**TASK INSTRUCTIONS**
Repeat each line of the material below exactly as it appears, minus any pictures.

**DATA BLOCK**
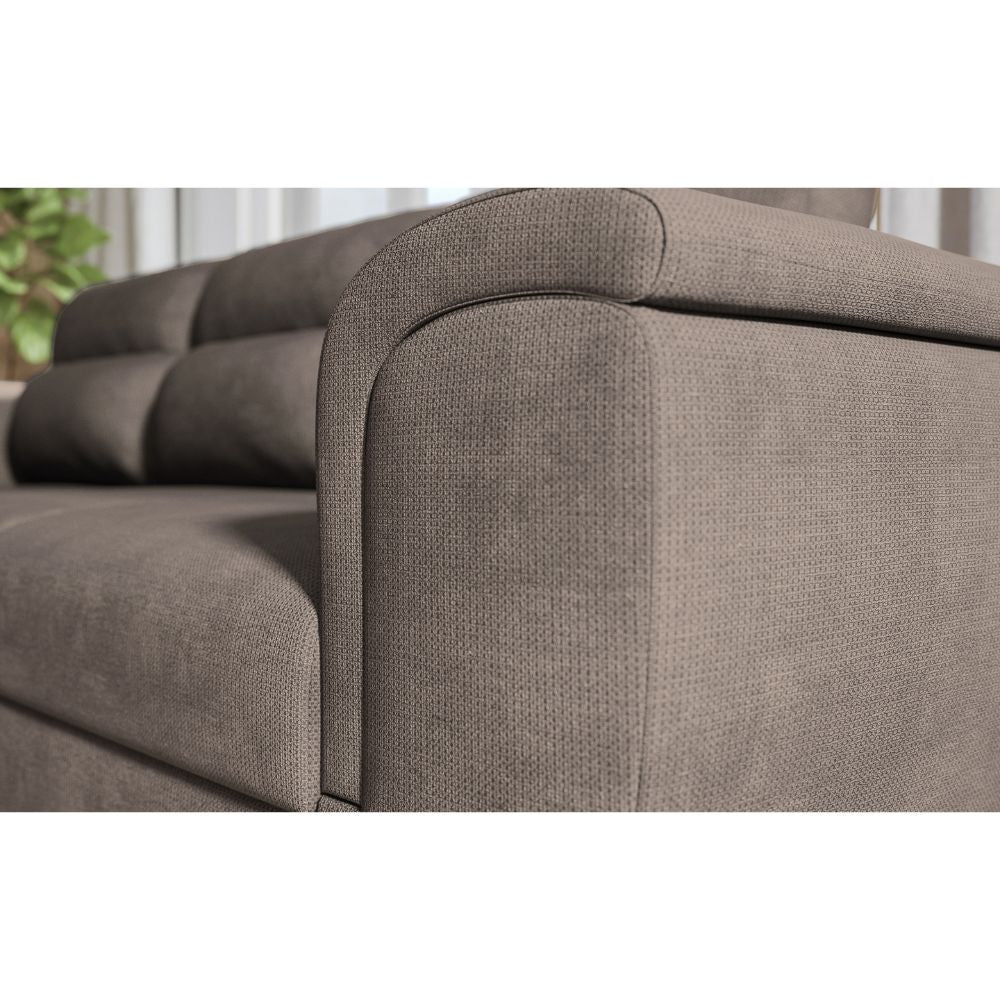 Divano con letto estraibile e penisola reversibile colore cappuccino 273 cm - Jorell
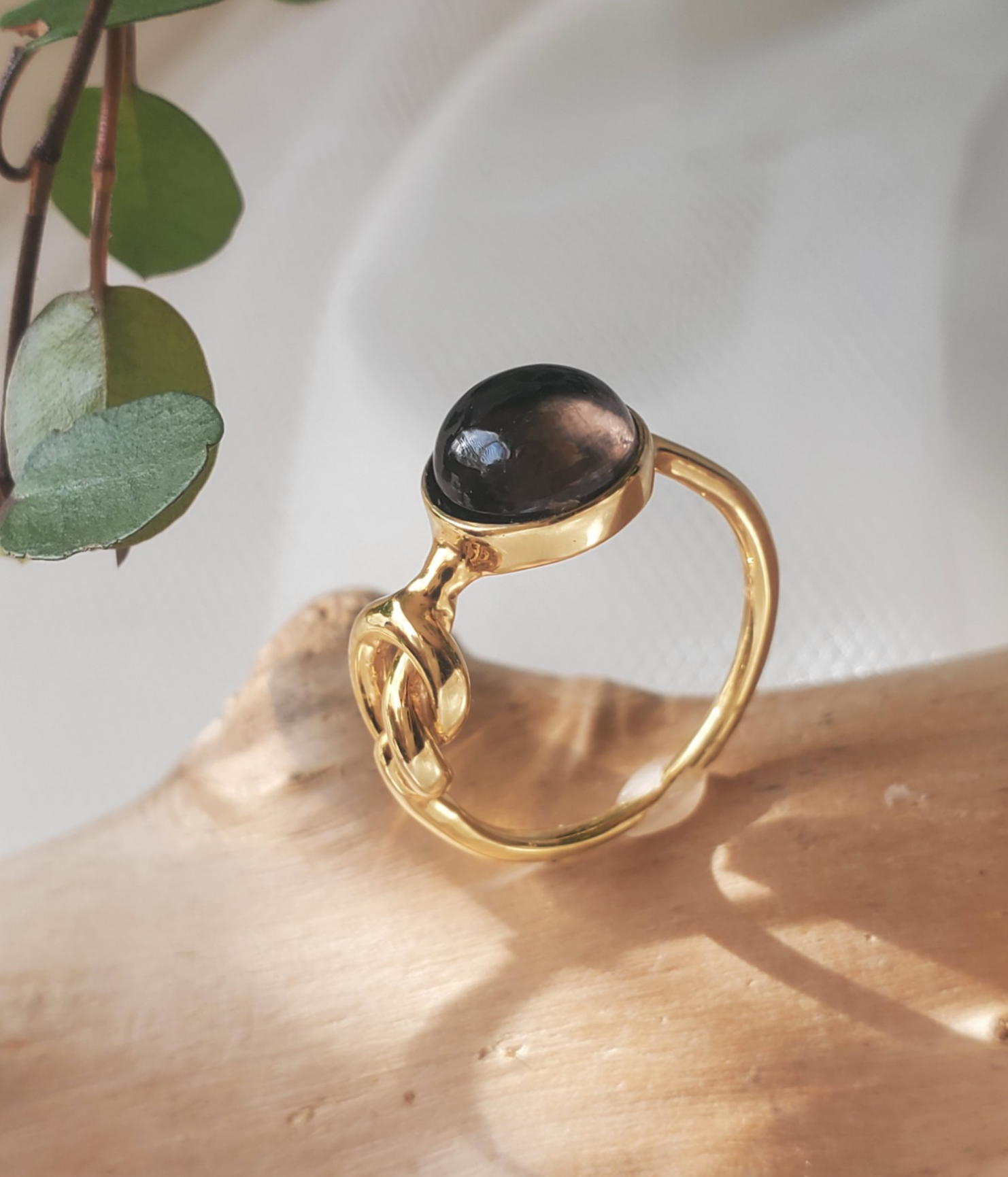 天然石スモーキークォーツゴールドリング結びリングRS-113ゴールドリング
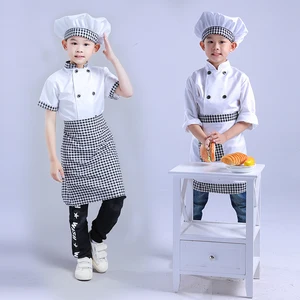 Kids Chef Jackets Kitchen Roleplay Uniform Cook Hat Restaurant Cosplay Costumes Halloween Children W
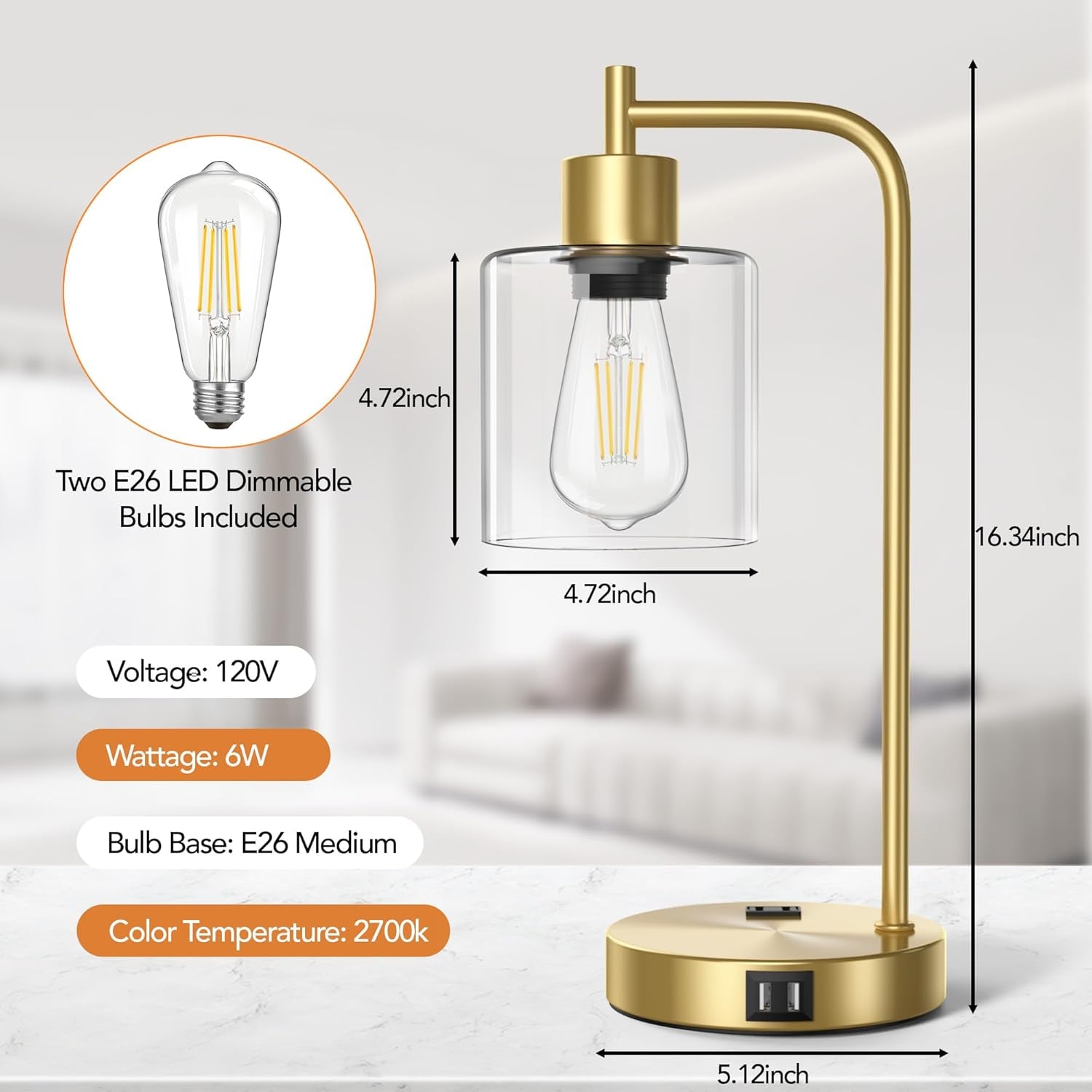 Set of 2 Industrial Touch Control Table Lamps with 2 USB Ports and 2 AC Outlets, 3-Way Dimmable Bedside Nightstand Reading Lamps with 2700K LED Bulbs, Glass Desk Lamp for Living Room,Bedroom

**RESPONSE**
 Divano con letto estraibile e penisola reversibile colore cappuccino 273 cm - Jorell
 天然石スモーキークォーツゴールドリング結びリングRS-113ゴールドリング
 Kids Chef Jackets Kitchen Roleplay Uniform Cook Hat Restaurant Cosplay Costumes Halloween Children W
 Set of 2 Industrial Touch Control Table Lamps with 2 USB Ports and 2 AC Outlets, 3-Way Dimmable Bedside Nightstand Reading Lamps with 2700K LED Bulbs, Glass Desk Lamp for Living Room,Bedroom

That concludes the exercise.